🤖 AI Summary
This work addresses the fragmentation between information and scientific visualization in existing tools, as well as the unreliability and risk of data fabrication inherent in large language model (LLM)-based generation approaches. To overcome these limitations, the authors propose RaivenDSL, a formal domain-specific language that unifies the expression of multidimensional data visualizations. RaivenDSL leverages metadata constraints to guide LLMs in producing verifiable, compact specifications, which are then deterministically compiled into precise D3 or VTK.js code. Evaluated on a benchmark of 100 tasks, the approach achieves a 100% compilation success rate, delivers a sixfold speedup, and reduces computational costs to one-sixth of baseline methods. User studies further demonstrate that RaivenDSL significantly alleviates debugging effort and enhances the correctness of generated visualizations.
📝 Abstract
Visualization is central to scientific discovery, yet authoring tools remain split between information and scientific visualization, and expertise in one rarely transfers to the other. Large Language Model (LLM) based systems promise to bridge this gap through natural language, but current approaches generate code non-deterministically, with no guarantee of correctness and no protection against silent data fabrication.

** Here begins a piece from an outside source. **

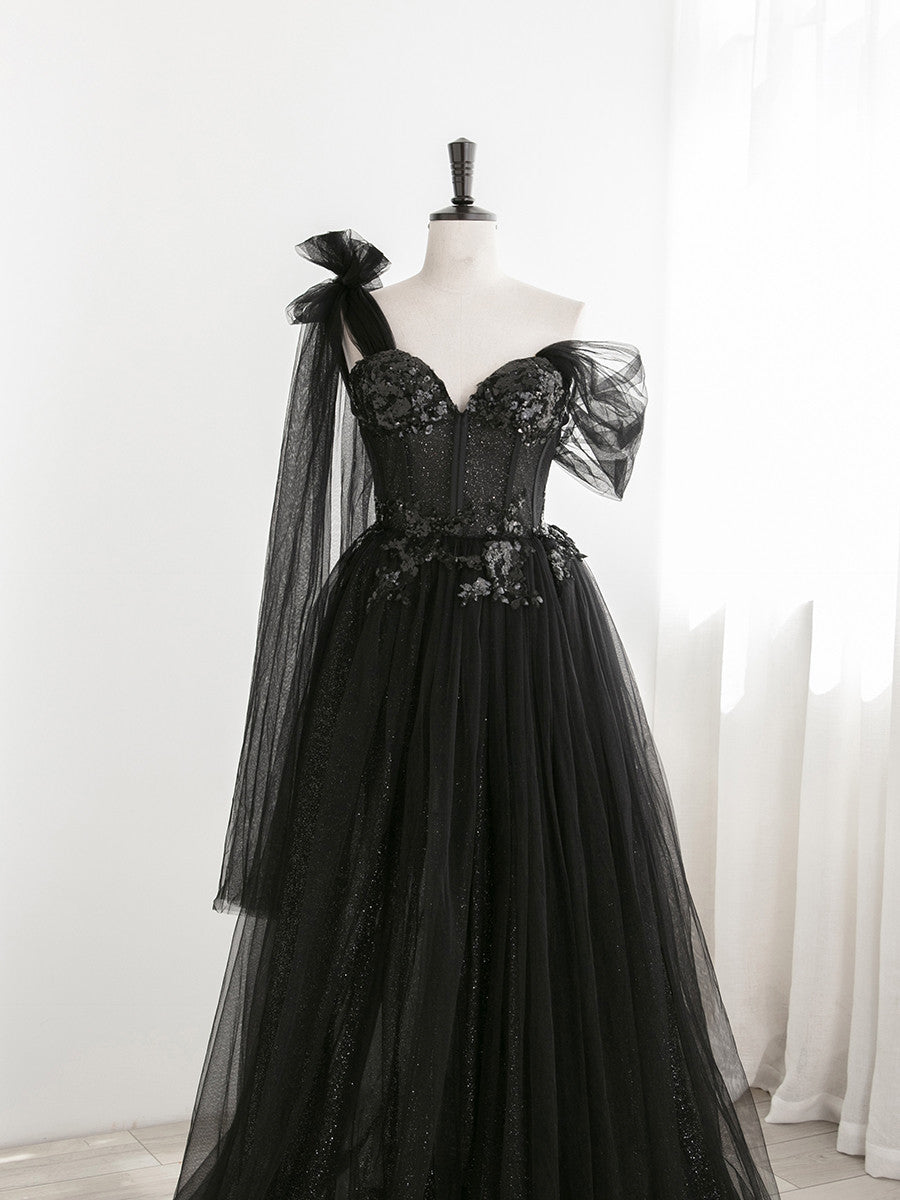 Sexy Black One Shoulder Tulle Sweetheart Sequins Party Dress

We present Raiven, a conversational system that mediates visualization authoring through a formally defined domain-specific language. RaivenDSL unifies scientific and information visualization in a single representation spanning 2D, 3D, and tabular data. The LLM produces a compact RaivenDSL specification under schema-guided constraints, and a deterministic compiler translates it to executable D3 or VTK.js code. Because the LLM operates only on dataset metadata, outputs are deterministic, specifications are verifiable before execution, and data fabrication is impossible by construction. In a 100-task benchmark, Raiven achieves 100% compilation, is up to six times faster and six times cheaper than state-of-the-art LLMs, while improving interaction quality, correctness, and data faithfulness. An expert user study shows that Raiven significantly reduces debugging effort and makes it easier to produce correct visualizations.